2/ « Pourquoi coexistent un âge légal et une durée de cotisations ? »
Question légitime.
Disons simplement que s’il n’existait qu’une durée de cotisations, le risque serait que beaucoup prennent leur retraite trop tôt (càd avec des toutes petites pensions) par choix ou dépit.
3/ Et finissent par tomber dans la pauvreté. Alors que le système actuel, forçant à travailler (et donc accumuler des droits) jusqu’à un âge légal a au moins permis de largement réduire le niveau et l’intensité de pauvreté parmi les retraités.
4/ Par ailleurs, d’un point de vue macroéconomique, un âge légal minimal a au moins l’avantage de mécaniquement assurer un certain niveau d’emplois des seniors.
5/ « Pourquoi l’âge légal, censé être un âge d’ouverture des droits, ne l’est pas car on peut partir avant mais avec une décote ? »

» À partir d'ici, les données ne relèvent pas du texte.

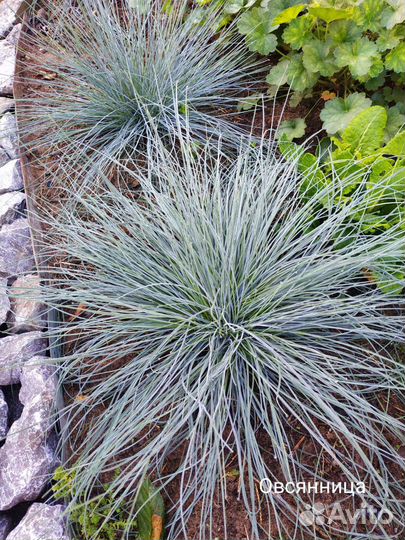 Многолетники: гвоздика, гипсофила, гейхера, тимьян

C’est assez rare pour le souligner : P. Cohen se trompe. L’âge d’ouverture des droits (auj. 62 ans ; 64 ans après réforme) est bien un âge plancher
6/ Sauf pour ceux concernés par un dispositif dérogatoire (carrières longues, pénibilité, handicap, etc.), on ne peut pas liquider sa retraite avant, même avec une décote.
7/ D’où la polémique sur ceux qui, post-réforme, auront toutes leurs annuités mais vont quand même devoir travailler jusqu’à 64 ans (les mères ayant accumulé beaucoup de trimestres pour enfants par exemple).

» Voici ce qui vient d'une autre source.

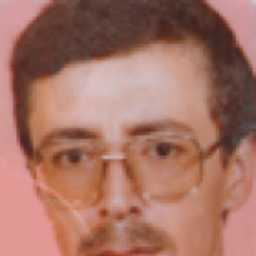 Levent Ertürk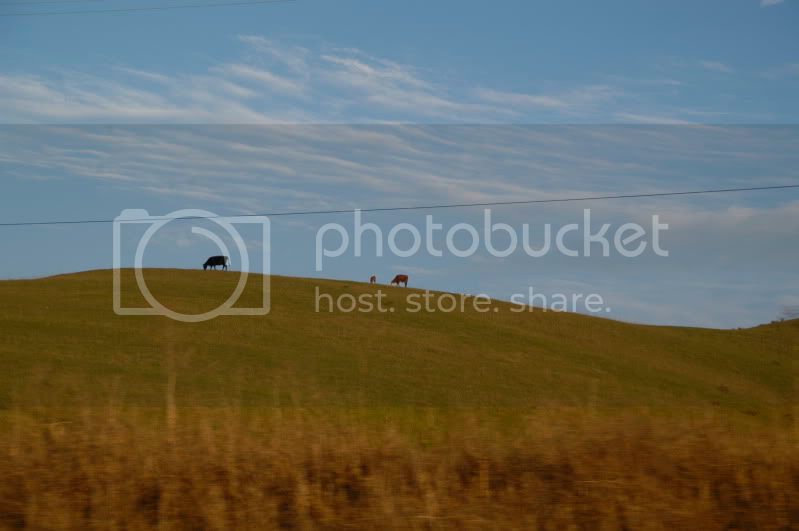 CowDSC_0026.jpg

8/ On touche là précisément au limite de l’articulation entre durée de cotisations et âge d’ouverture des droits.
9/ « Comment fonctionnent la décote et la surcote ? »
En gros, on perd (ou on gagne) 1,25% de sa pension calculée par trimestre manquant (ou en en plus) du nombre requis pour le taux plein.
10/ Ce système a été instauré par la loi Fillon de 2003. Il vise à inciter à travailler jusqu’au taux plein afin notamment d’augmenter l’emploi des seniors. Mais aussi générer des économies pour le système.
11/ Ce système de décote/surcote se cumule avec « la proratisation ». En gros, s’il manque 10 T par rapport à la durée du taux plein (disons 172 T), la pension est calculée selon un facteur 162/172. A la louche, ça pénalise le niveau de pension 2x moins que la décote.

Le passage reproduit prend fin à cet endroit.